Yet very few reserves are close to major urban areas. Along with Mornington Peninsula/Melbourne there is Cerrado/Brasilia, Mata Atlantica/Sao Paolo-Rio de Janeiro, Cordillera Volcanica Central/San José (Costa Rica), Pays de Fontainebleau/Paris, Argan/Agadir, Cape West Coast/Cape Town, Golden Gate/San Francisco, Can Gio Mangrove/Ho Chi Minh City.

Key conflicts at Mornington
Unlike the first generation of UNESCO MAB biosphere reserves in Australia from the 1970s, the Mornington Peninsula-Western Port reserve is not the result primarily of initiative by the state but of grassroots activism. This can lead to strongly contradictory directions among stakeholders.

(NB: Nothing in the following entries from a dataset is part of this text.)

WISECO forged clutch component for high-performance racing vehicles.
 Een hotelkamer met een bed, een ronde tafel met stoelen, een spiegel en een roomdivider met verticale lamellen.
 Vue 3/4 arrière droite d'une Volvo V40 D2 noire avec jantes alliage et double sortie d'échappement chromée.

In the view of some researchers, the root cause of the pressure on the reserve is the competition by the regional government for external investment, which it sees as depending on the ready availability of land to develop, and high capacity of ports and shipping channels. The land and marine areas in and around the biosphere reserve have for a long time been under pressure for development, not least from a relatively uncontrolled urban sprawl around Melbourne.

Further pressure comes from pollution. The biosphere reserve is where the Melbourne metropolitan area discharges almost 50% of its partially treated sewage, Australia’s largest ocean outfall, with a discharge daily of some 420 million litres.

Decline in conservation work
Research notes that at the regional level, Victoria, there is a lack of enthusiastic support for the Mornington Peninsula-Western Port biosphere reserve. This is consistent with the decline in the Australian government’s work with the reserves programme, after it shifted coordination with UNESCO from its educational department to the Department of Foreign Affairs and Trade. This action was followed by reduced funding and reduced support for reserve activities. A recent report describes a strong gap between the vulnerable conditions of many of Australia’s internationally listed conservation areas, and the impression given through their international listings that necessary stakeholders are solidly in support of their conservation.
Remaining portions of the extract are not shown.